- **TASK PROMPT**:
Output each entry verbatim. Leave the images out.

- **EXTRACTED MATERIAL**:
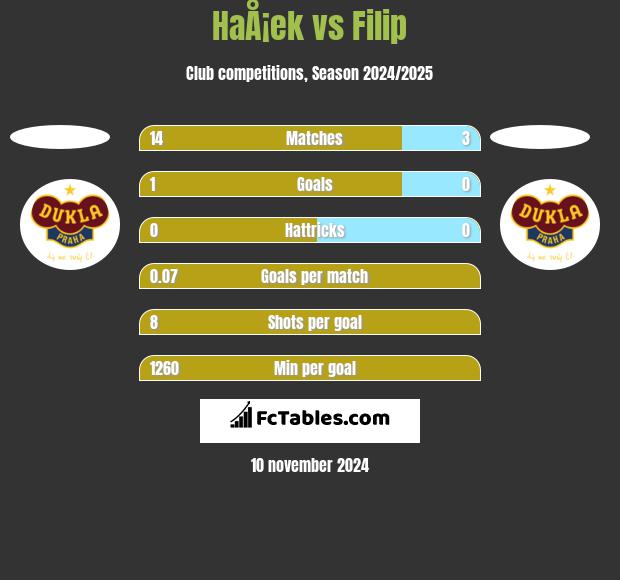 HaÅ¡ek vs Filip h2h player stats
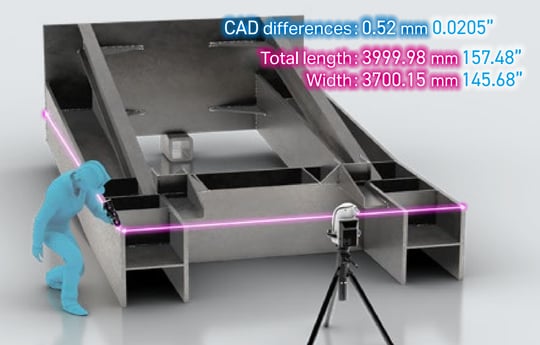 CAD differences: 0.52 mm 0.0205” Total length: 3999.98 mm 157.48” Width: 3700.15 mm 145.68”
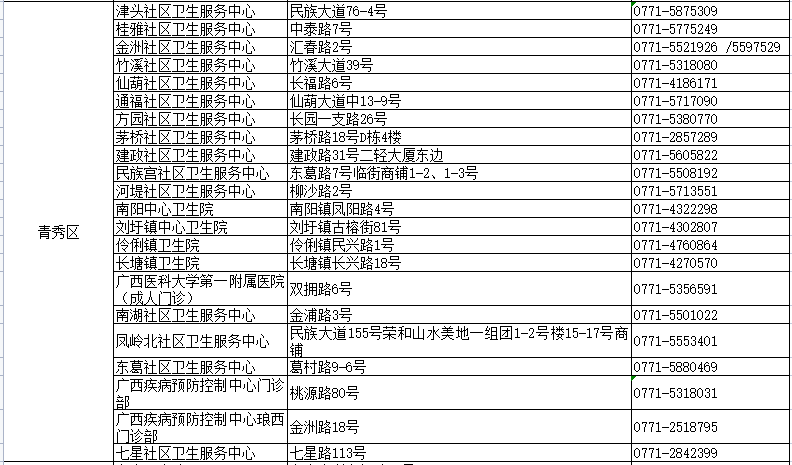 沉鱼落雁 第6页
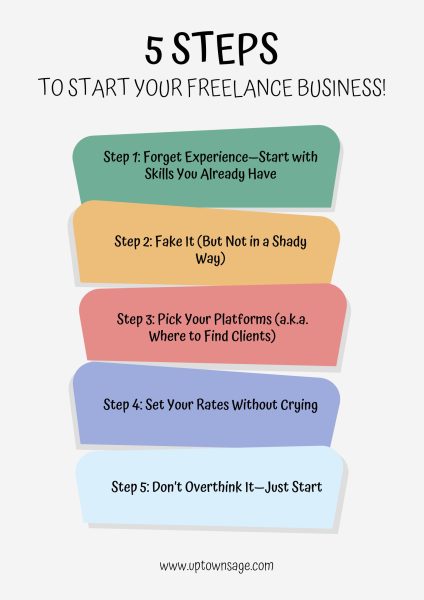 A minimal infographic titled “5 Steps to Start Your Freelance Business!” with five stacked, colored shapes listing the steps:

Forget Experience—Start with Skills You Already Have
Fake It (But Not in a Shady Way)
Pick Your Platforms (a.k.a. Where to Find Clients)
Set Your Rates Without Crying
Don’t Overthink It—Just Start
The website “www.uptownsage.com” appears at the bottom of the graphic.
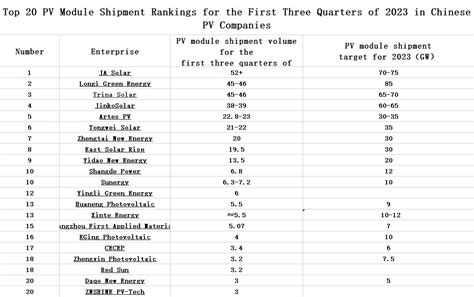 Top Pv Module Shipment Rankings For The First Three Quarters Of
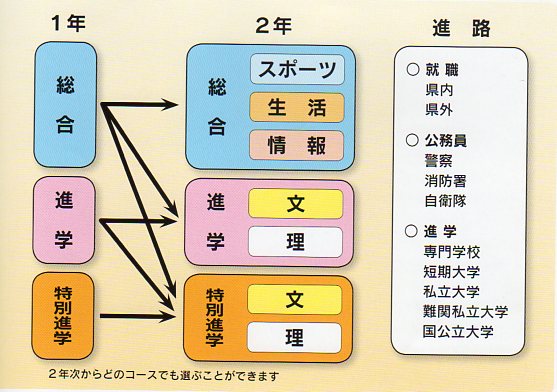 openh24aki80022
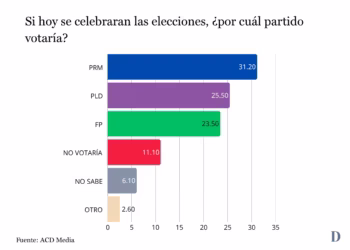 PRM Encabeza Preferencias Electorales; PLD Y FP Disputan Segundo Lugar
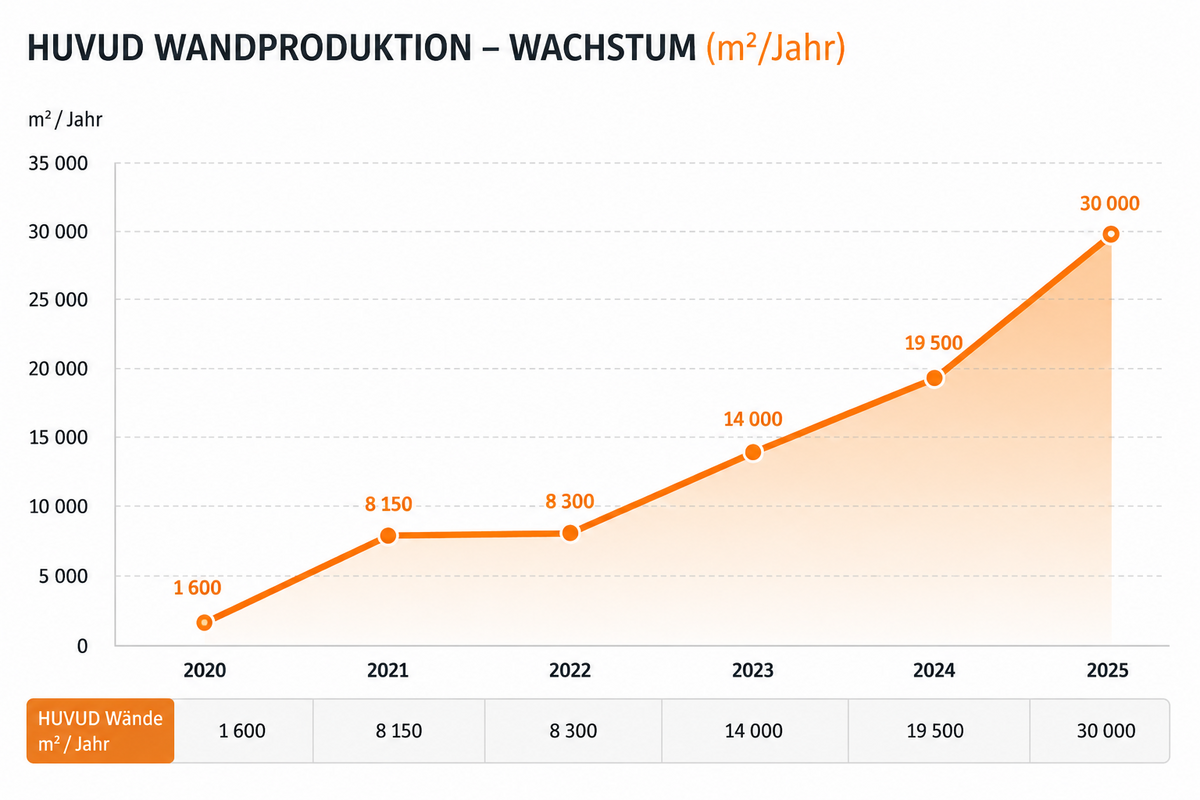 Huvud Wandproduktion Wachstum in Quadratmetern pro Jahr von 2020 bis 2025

- **RESPONSE AREA**:
 HaÅ¡ek vs Filip h2h player stats
 CAD differences: 0.52 mm 0.0205” Total length: 3999.98 mm 157.48” Width: 3700.15 mm 145.68”
 沉鱼落雁 第6页
 A minimal infographic titled “5 Steps to Start Your Freelance Business!” with five stacked, colored shapes listing the steps:

Forget Experience—Start with Skills You Already Have
Fake It (But Not in a Shady Way)
Pick Your Platforms (a.k.a. Where to Find Clients)
Set Your Rates Without Crying
Don’t Overthink It—Just Start
The website “www.uptownsage.com” appears at the bottom of the graphic.
 Top Pv Module Shipment Rankings For The First Three Quarters Of
 openh24aki80022
 PRM Encabeza Preferencias Electorales; PLD Y FP Disputan Segundo Lugar
 Huvud Wandproduktion Wachstum in Quadratmetern pro Jahr von 2020 bis 2025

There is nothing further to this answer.